Um ato ilícito que produziu bons frutos

Observem uma outra coisa interessante: como o Imperador descreve o seu papel enquanto cobrando esse imposto. Carlos Magno mostra que se trata de um povo que era pagão, o qual ele reduziu pelas armas, quer dizer, tem sobre esse povo o direito de conquista. E um direito de conquista legítimo porque os saxões, muito agressivos, continuamente invadiam as terras dos francos, de quem Carlos Magno era o rei, fazendo provocações, crimes e pilhagens nas fronteiras, e queriam impor a religião pagã.

Então, Carlos Magno, numa cruzada em defesa da Religião Católica, invadiu as terras deles e derrotou-os.

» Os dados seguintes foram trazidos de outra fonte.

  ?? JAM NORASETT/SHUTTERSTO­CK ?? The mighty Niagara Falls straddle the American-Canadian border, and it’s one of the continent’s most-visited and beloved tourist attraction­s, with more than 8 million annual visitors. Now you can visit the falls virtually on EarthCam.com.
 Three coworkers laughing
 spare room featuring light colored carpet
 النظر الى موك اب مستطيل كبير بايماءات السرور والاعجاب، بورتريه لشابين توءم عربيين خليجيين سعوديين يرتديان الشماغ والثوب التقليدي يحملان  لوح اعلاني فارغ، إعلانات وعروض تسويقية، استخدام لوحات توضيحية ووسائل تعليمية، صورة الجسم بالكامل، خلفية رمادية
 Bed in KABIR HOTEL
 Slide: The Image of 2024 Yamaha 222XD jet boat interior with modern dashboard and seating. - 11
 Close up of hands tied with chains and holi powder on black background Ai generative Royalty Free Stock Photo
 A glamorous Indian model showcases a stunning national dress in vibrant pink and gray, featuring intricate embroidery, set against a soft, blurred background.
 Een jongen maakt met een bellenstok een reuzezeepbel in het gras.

Passando um pouco dos limites, ele estabeleceu o princípio: ou crê ou morre; quem não é batizado deve ser morto. E, naturalmente, o número de batismos foi enorme.

Também a quantidade de execuções capitais foi muito grande. Correu água batismal e correu sangue às torrentes nessa ocasião. E ele até foi censurado pelo Papa, porque não se pode colocar ninguém diante da alternativa: ou crê ou morre.

Eu estou de acordo com o Papa e não com Carlos Magno. E não é numa atitude contestatária — longe de mim isto — que vou, entretanto, fazer a seguinte observação: é que muitos batizados forçados deram resultado certo; e depois eles e os seus filhos ficaram na Fé Católica e nela perseveraram até hoje, ou até pouco tempo atrás.

Quer dizer, talvez não tenha sido inteiramente lícito, ou não foi lícito e por isso não foi bom. Afirmar que não tenha sido útil já é uma outra questão.

Produziu lá seus frutos…

Da barbárie para o píncaro da cultura e da civilização

Depois o Imperador mostra como os saxões se revoltaram de novo. E Carlos Magno teve que exercer, outra vez, uma ação de conquista sobre esse povo. E, então, os saxões viviam pela misericórdia do Imperador. Conforme as leis da guerra, ele poderia ter exterminado os saxões, porque junto a eles não era possível viver, ou ter reduzido muitos ao cativeiro.

Carlos Magno não fez nada disso. Ele instituiu, fixou suas fortalezas, intensificou a cristianização, mas cobrou um imposto particularmente grande, porque os saxões eram rebeldes vencidos. E o rebelde vencido é obrigado a um imposto maior.

Vemos, assim, como ele sabia, nas suas apreciações, temperar a justiça com a misericórdia. Ele mostrou ser misericordioso com esse povo em várias circunstâncias, mas chegando a ocasião da justiça ele tinha o direito de exigir o imposto.

Eu falei em extermínio. É claro que Carlos Magno não podia exterminar o povo inteiro, mas sim ordenar a matança de um certo número deles que fossem presos com armas nas mãos, para intimidar e nunca mais haver a possibilidade de atacarem. Vê-se que ele foi benigno, não levou as coisas tão longe; pelo contrário, soube amenizá-las de maneira que, dotando a catedral e o clero tão bem, obrigava o povo a pagar um imposto, do qual a principal vantagem era para Deus.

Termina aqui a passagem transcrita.